== Directions ==
Set down each line of the material that follows, exactly, with no pictures.

== Available data ==
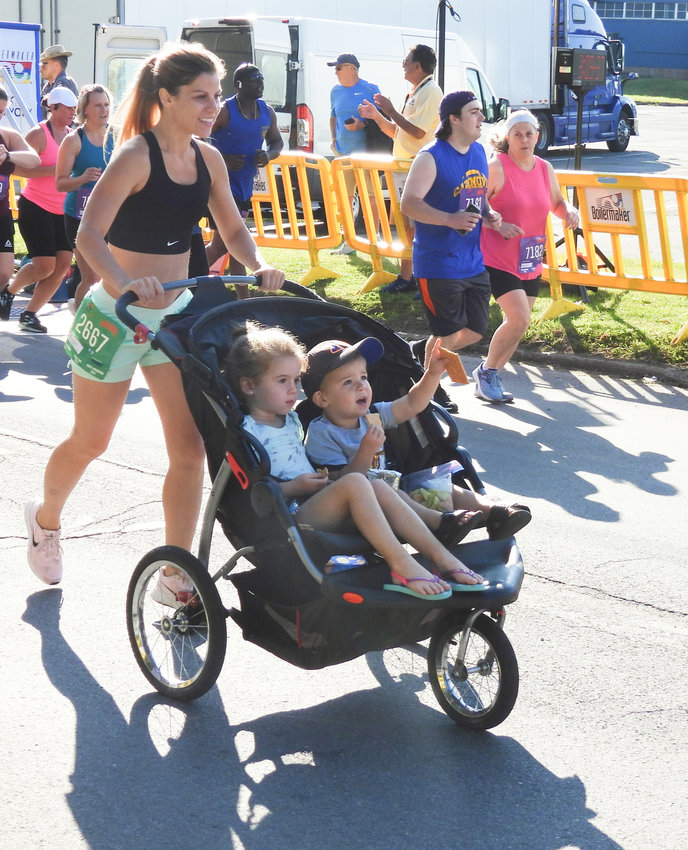 Audrieanna Raciti of New York Mills pushes a pair of the youngest participants in the Boilermaker 15K Road Race Sunday in Utica.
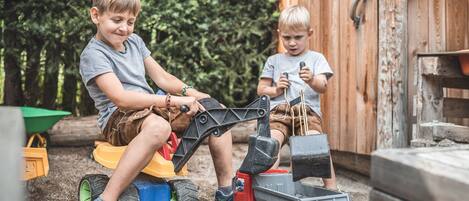 Two children playing with toy construction vehicles in an outdoor setting with a wooden shed in the background.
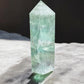 Green fluorite crystal tower on a concrete slab back view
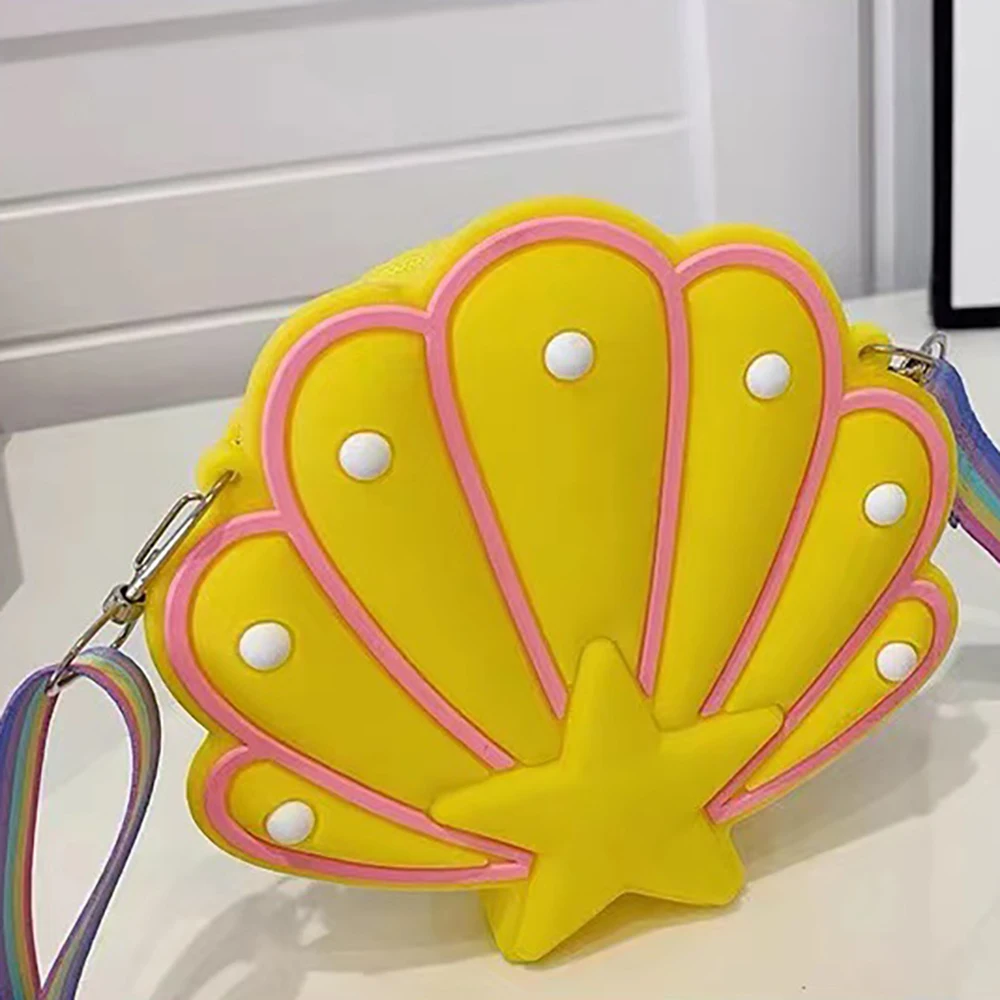 Bolso concha sensorial de silicona – Monedero reversible infantil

== Output for this exercise ==
 Audrieanna Raciti of New York Mills pushes a pair of the youngest participants in the Boilermaker 15K Road Race Sunday in Utica.
 Two children playing with toy construction vehicles in an outdoor setting with a wooden shed in the background.
 Green fluorite crystal tower on a concrete slab back view
 Bolso concha sensorial de silicona – Monedero reversible infantil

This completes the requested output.